____ Input data

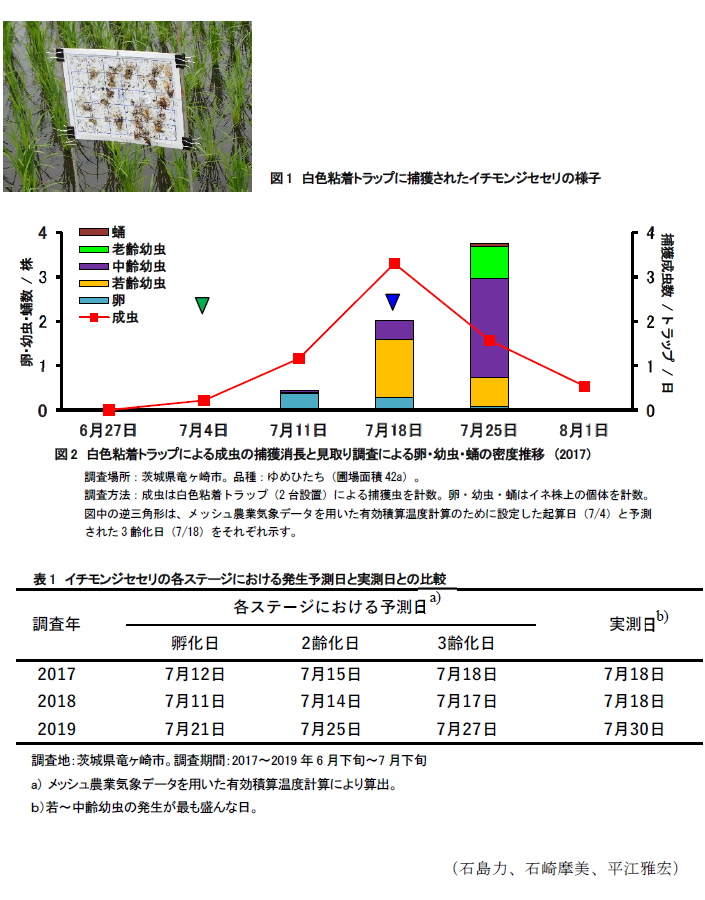 図1 白色粘着トラップに捕獲されたイチモンジセセリの様子,図2 白色粘着トラップによる成虫の捕獲消長と見取り調査による卵・幼虫・蛹の密度推移 (2017),表1 イチモンジセセリの各ステージにおける発生予測日と実測日との比較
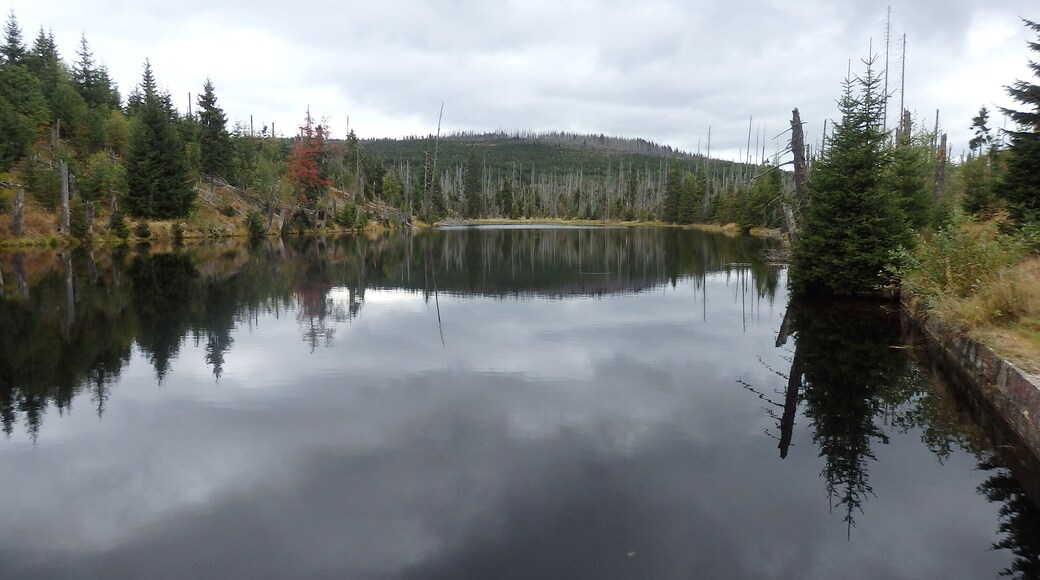 nádrž na plavení dřeva - Reschbachklause, Německo, nedaleko pramene Vltavy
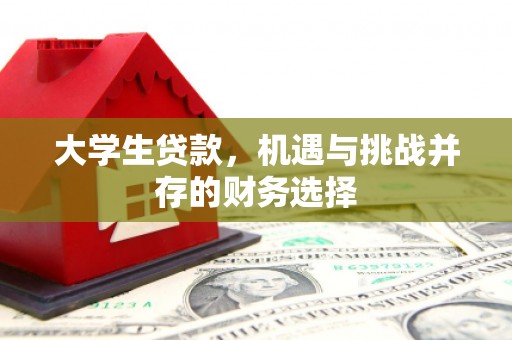 西平大学生贷款，机遇与挑战并存的财务选择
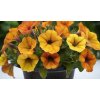 Petúnie 'Petchoa BeautiCal Sunset Orange' / Petunia hybrida 'Petchoa BeautiCal Sunset Orange'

________

This task calls for the lines from the line holding "nádrž na plavení" through the last line above, restated word for word with both ends included and the pictures dropped.

 nádrž na plavení dřeva - Reschbachklause, Německo, nedaleko pramene Vltavy
 西平大学生贷款，机遇与挑战并存的财务选择
 Petúnie 'Petchoa BeautiCal Sunset Orange' / Petunia hybrida 'Petchoa BeautiCal Sunset Orange'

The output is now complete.